Chairs. Drawing a chair is a bit like climbing Mount Everest to me. Too much to tackle for my sketchbook and I. I've tried and produced only really wonky designs. For me it has been too hard to draw a chair.
Chairs. We sit in them all the time. We appreciate the antique ladderback and the overstuffed recliner. We occupied many at desks in school. Some of us occupy them in offices. We sit in them to enjoy entertainment. We sit in them to wait for doctors or dentists or to get our driver's licenses renewed. We are are plenty familiar with chairs. But, sheesh, they are hard to draw.
Chairs. It's the common things in life that so often confound us. But when we can start to see things in different ways, we find new ways to approach old mysteries. Like how to draw a chair.
In Liz Steel's Sketching Now Foundations class, our recent lesson instructed us to draw volume. To draw all sides of an object in 3D as if the objects were transparent--so that you can work out (in pencil!) all of the lines and edges and angles which you cannot see. That way, when you ink the drawing, you can be sure that the visible lines are correct.
At first this seemed too easy a concept to really be valuable, but as I've admitted in previous posts, this is a lot harder than it looks.
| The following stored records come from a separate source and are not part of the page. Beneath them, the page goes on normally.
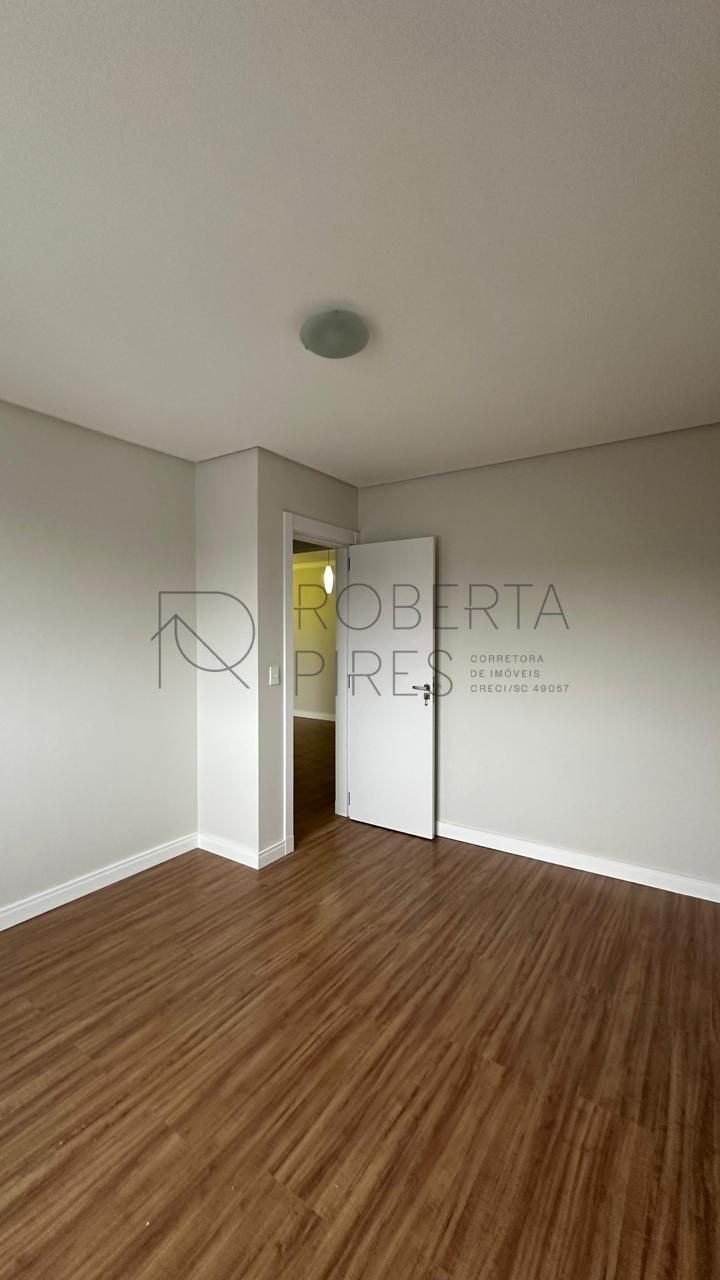 Apartamento na Vila Real - Balneário Camboriú – foto 5
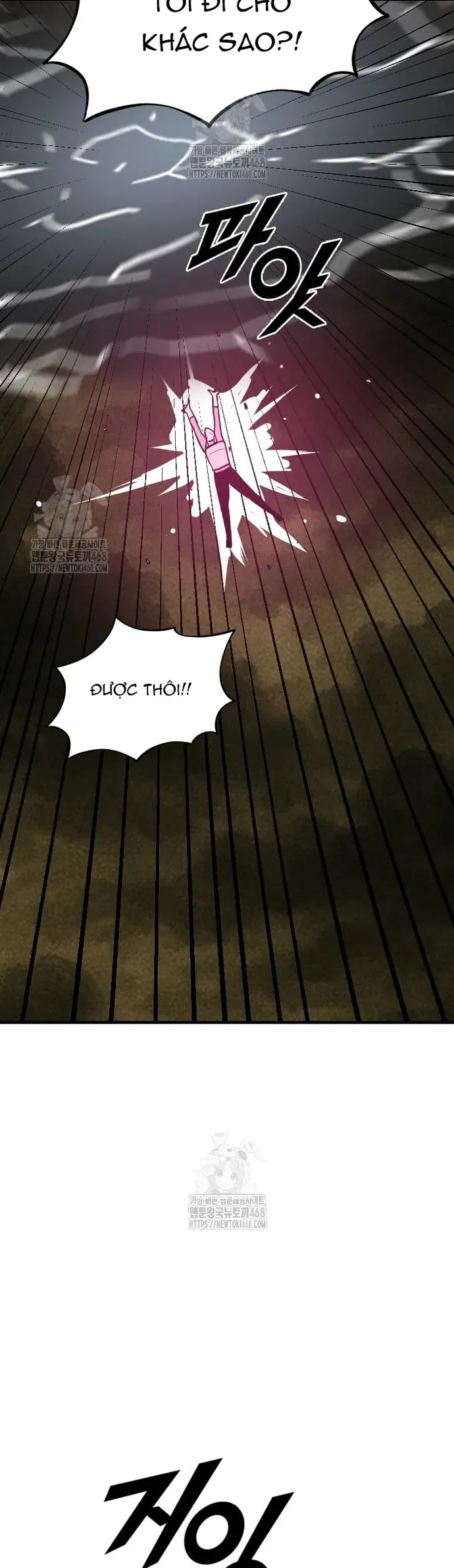 Tôi Nhặt Được Điện Thoại Từ Thế Giới Khác Chap 273 - Next Chap 272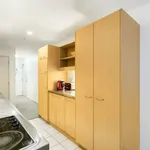 Rent 2 bedroom apartment in Auckland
Even for "simple" objects like stacked books.
Then she told us to try a chair! In public!!
I admit I put it off. But inevitably I found myself in a waiting room (as we all do) that had no decorations and no other people in it. So, left with no alternative other than reading months-old magazines, I decided to try to sketch a chair.
All I can say is, wow. It looks like a chair. I am pleased.
For me the biggest Aha! moment is not how to draw a chair. The meaning comes in the reminder that the lessons someone wants to teach me, which at first seems to be too simple to really make a difference, might be exactly what I need to solve a problem I've carried around for a while.
Drawing is life. Scribble on!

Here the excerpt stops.